The wounded youth was finished off with a bullet to the head from a sergeant's Sten Gun

The troops then held the villagers in their huts overnight. Cootes says

by this time It was clear that the intentions of the sergeants where that we were going to wipe out the whole village including women and children”. A lorry came in the morning  to take village  workers to the nearby plantation, but the troops made them take the women and children instead.

One sergeant “told the rest of us that we were going to shoot the 28 men left. He warned us that anybody who didn’t shoot would be shot by him. None of us protested. I think we were glad we had got away without having to shoot the women. We were well trained to obey orders”.

The Troops were divided into four groups and the villagers – “their ages raged from about 16 to 80 years”  - were brought from  their huts in  groups of seven. Cootes squad  encouraged their group of seven to run, so that they could fire on them, but the villagers stayed mostly still.

“Then we heard shooting from one of the other groups, so instinctively almost, we opened fire on the men.  Once we started firing we seemed to go mad. The old man died immediately from one bullet. The one that was furthest away at the time took about seven bullets before he stopped crawling”.

Cootes says  they all regrouped after the shoooting “some of the men were excited, some were delighted, some of us stayed quiet. It struck me we must be all out of our minds do do a thing like we had just done. The man with the Bren [Gun],  I can’t remember his name , boasted he had cut one of the Chinese in half with his bullets. Other members of the patrol were shouting about what they had done. Myself, I was feeling sick and just wanted to get away”

They burned down the village, leaving the dead where they lay

As soon as the killing ended, the cover-up began. According to Remedious in a day or so they were called to a military inquiry

I remember that Sgt.
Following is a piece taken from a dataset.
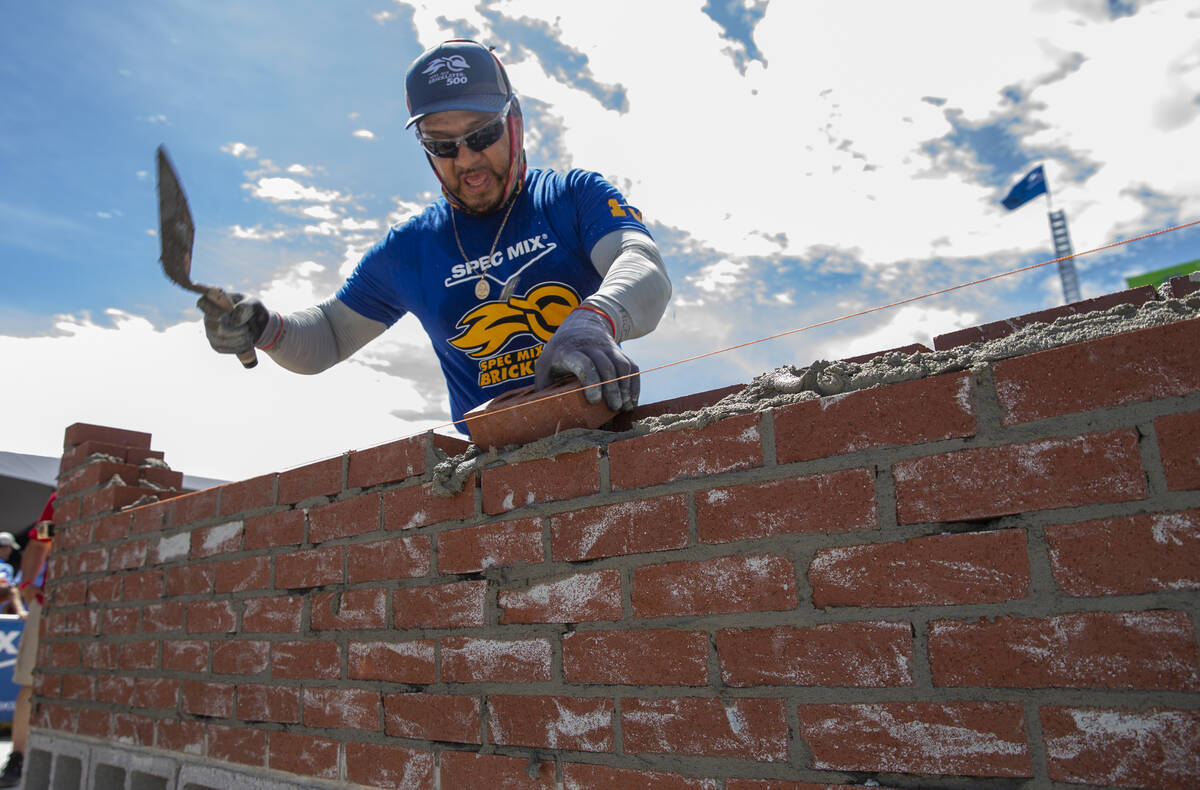 Competitor Jacob Ramirez of Houston, Texas, works his bricks and mortar in the Spec Mix Brickla ...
Douglas told us as we stood around in a barrack room that we would all be in serious trouble if the truth came out and that when we attended the inqury we should say that the men where shot as they tried to escape”. Cootes was  warned they would “ face 14 years in prison for the truth.”

According to Cootes, even though officials questioned them – about why all the bodies of the dead were found in groups – “I just repeated the story that I had already told him and I clearly remember his last words to me. he said he hoped we got away with it” adding “I remember reading about the incident in the Daily Mirror a few days later. The report told the story as we agreed it should be told, but we knew it was lies”.

It is a familiar warning from history . On one side , Imperial adventure reduced to massacres. Cover up by the officials. Lies in the newspapers. On the other, campaigners and newspapers who opposed the war and it’s attendant atrocities. Despite repeated attempts to bury the truth on Batang Kali , it keeps returning : Bindman’s solicitors are currently fighting for a judicial review over the current and previous government’s refusal to hold an  inquiry into the massacre.